● **Requirement**: For the records that follow, please set down exactly the lines between the one holding "Централна конзола за" and the one holding "5923 Lindell Ave #102 - Photo 2 of 12", inclusive, and only those.

● **Source material**:
BEGIN

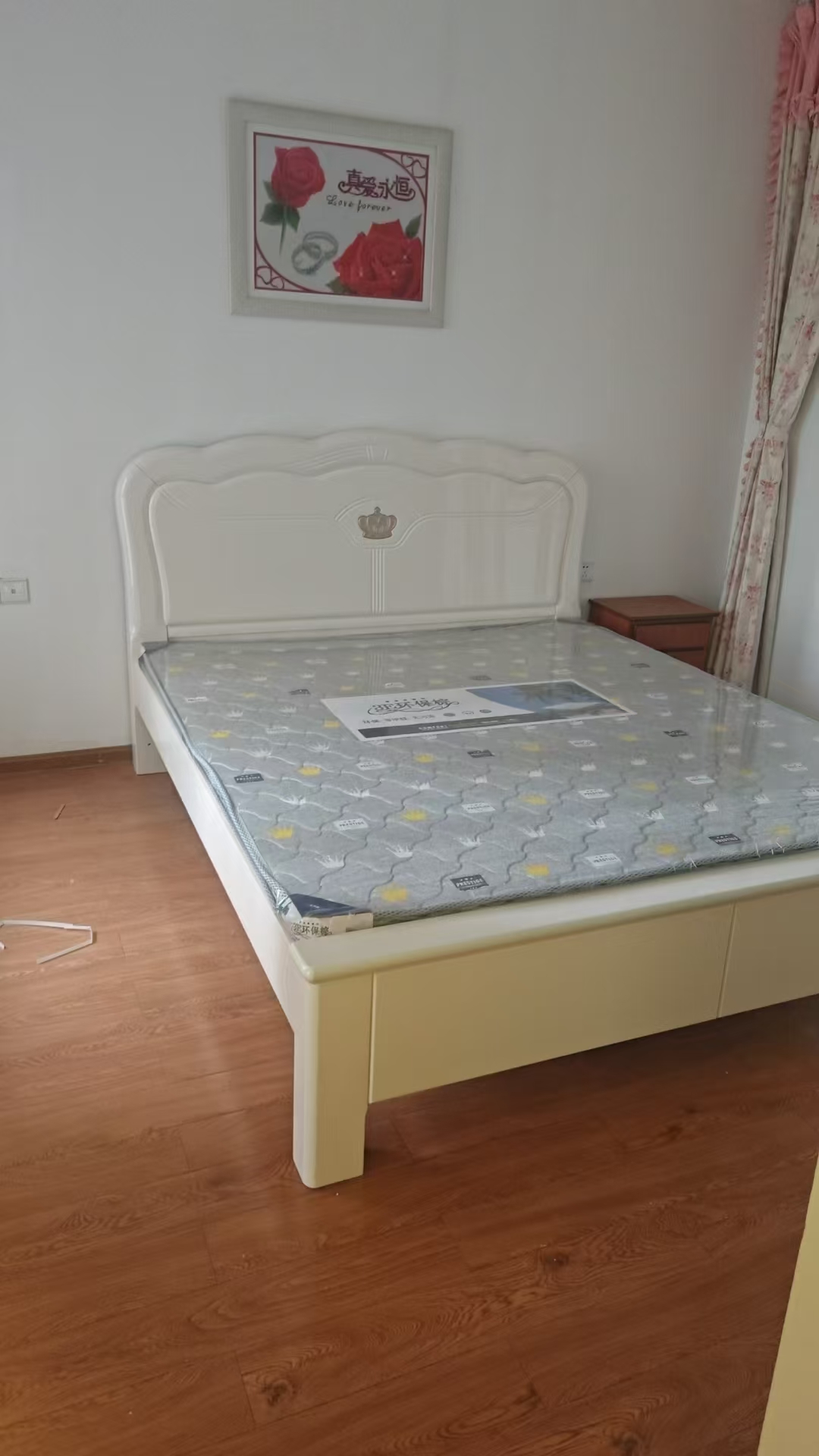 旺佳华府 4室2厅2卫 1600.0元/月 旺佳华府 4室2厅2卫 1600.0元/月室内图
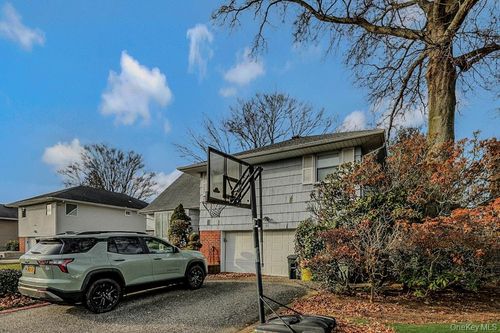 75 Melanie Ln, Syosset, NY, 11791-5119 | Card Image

END
BEGIN

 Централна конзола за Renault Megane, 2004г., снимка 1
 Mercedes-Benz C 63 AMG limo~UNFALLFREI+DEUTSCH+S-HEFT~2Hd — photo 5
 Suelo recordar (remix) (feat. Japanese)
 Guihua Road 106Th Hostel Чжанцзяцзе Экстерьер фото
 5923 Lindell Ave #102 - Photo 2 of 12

END
BEGIN

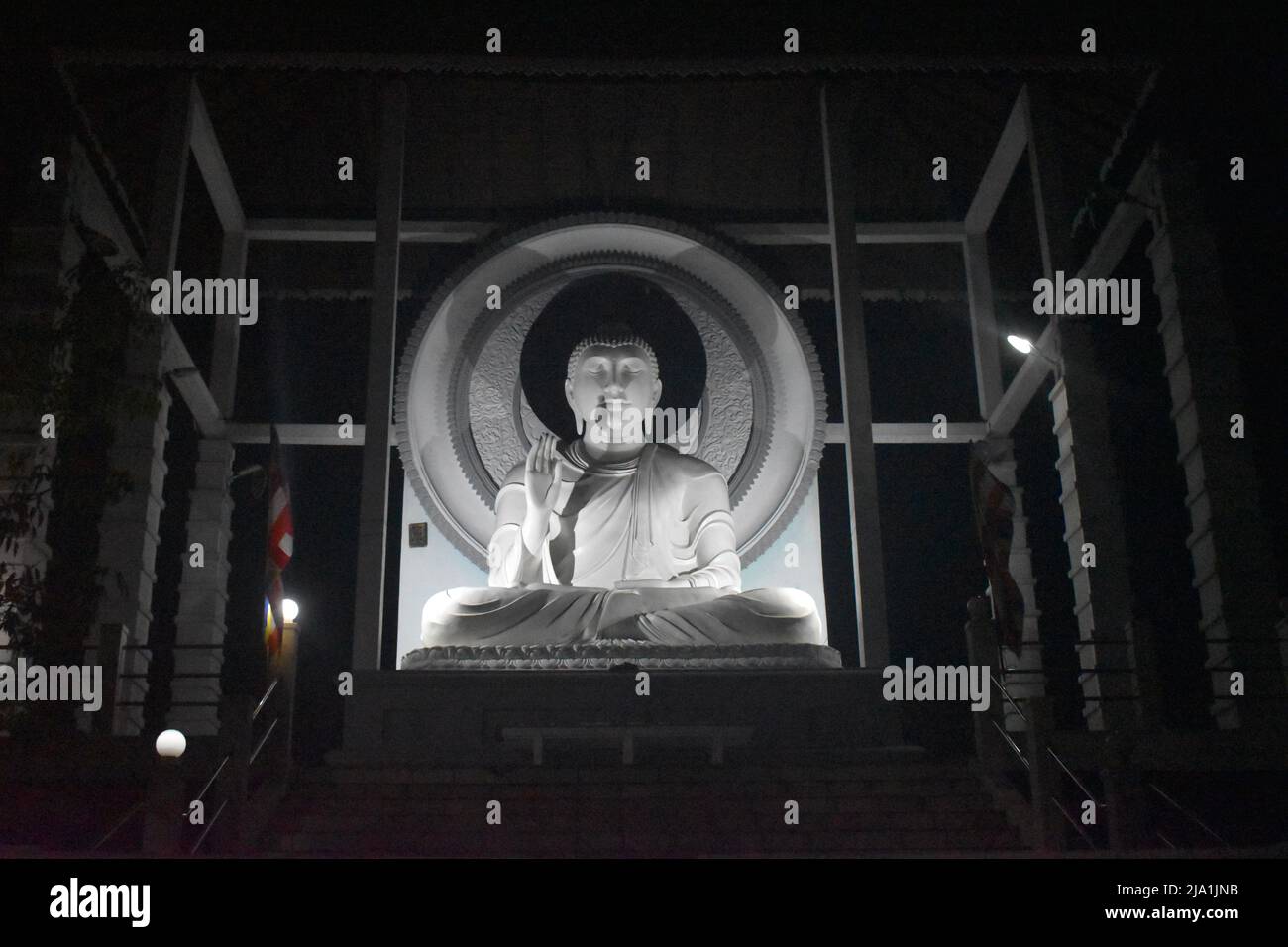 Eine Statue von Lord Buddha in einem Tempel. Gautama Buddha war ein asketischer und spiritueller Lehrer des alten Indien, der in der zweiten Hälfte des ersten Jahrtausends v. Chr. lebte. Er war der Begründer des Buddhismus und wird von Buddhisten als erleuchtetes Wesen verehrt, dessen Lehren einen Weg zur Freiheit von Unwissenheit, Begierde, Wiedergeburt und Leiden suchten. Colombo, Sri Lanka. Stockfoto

END

● **Reply to the task**:
 Централна конзола за Renault Megane, 2004г., снимка 1
 Mercedes-Benz C 63 AMG limo~UNFALLFREI+DEUTSCH+S-HEFT~2Hd — photo 5
 Suelo recordar (remix) (feat. Japanese)
 Guihua Road 106Th Hostel Чжанцзяцзе Экстерьер фото
 5923 Lindell Ave #102 - Photo 2 of 12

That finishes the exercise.